ACTIVITY> Whenever "Long" appears in a line, please copy that line from the data.

========================================================================

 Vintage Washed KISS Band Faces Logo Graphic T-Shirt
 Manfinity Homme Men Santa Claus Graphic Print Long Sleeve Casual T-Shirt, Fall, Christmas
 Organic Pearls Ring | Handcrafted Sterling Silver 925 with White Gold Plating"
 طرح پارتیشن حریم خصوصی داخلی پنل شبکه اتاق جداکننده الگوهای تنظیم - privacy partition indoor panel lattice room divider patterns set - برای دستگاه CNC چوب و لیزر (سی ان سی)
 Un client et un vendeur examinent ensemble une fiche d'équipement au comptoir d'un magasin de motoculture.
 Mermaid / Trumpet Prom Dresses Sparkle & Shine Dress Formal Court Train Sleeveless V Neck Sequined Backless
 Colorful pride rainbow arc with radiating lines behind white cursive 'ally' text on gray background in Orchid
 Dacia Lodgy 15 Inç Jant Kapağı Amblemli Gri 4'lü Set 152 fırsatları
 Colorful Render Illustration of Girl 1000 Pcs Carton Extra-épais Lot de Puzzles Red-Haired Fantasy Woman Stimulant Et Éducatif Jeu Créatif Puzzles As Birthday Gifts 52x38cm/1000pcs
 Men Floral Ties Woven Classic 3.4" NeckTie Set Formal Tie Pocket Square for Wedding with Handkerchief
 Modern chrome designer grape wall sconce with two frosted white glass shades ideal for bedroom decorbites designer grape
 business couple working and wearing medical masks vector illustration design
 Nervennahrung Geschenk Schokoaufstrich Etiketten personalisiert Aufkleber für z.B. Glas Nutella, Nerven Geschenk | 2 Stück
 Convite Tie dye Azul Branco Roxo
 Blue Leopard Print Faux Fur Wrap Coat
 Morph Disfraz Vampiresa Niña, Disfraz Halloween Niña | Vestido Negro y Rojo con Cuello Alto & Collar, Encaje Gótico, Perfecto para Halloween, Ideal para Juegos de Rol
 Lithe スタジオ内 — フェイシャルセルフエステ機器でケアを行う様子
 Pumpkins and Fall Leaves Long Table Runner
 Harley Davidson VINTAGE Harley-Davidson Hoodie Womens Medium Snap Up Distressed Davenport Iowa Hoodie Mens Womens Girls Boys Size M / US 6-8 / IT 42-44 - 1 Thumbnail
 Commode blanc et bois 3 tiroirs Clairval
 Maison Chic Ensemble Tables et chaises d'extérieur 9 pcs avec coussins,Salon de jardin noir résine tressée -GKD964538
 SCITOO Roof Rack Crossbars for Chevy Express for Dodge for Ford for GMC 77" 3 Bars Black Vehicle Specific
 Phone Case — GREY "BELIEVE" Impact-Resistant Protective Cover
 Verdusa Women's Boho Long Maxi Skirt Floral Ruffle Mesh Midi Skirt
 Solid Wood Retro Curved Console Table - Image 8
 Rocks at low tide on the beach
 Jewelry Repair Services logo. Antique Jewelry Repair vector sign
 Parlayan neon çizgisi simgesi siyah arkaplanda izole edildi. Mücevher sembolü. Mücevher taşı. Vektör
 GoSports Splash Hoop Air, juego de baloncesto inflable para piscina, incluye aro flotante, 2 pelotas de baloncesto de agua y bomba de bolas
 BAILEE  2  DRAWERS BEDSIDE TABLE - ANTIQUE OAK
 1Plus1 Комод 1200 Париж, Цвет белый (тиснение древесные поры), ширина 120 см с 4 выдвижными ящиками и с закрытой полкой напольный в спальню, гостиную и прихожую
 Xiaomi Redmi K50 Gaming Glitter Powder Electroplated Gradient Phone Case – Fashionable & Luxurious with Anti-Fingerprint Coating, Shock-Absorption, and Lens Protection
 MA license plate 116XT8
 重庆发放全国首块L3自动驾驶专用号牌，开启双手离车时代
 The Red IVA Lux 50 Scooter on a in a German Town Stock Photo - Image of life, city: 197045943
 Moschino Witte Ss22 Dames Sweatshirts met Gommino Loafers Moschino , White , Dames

========================================================================

COMPLETED TASK>
 Manfinity Homme Men Santa Claus Graphic Print Long Sleeve Casual T-Shirt, Fall, Christmas
 Pumpkins and Fall Leaves Long Table Runner
 Verdusa Women's Boho Long Maxi Skirt Floral Ruffle Mesh Midi Skirt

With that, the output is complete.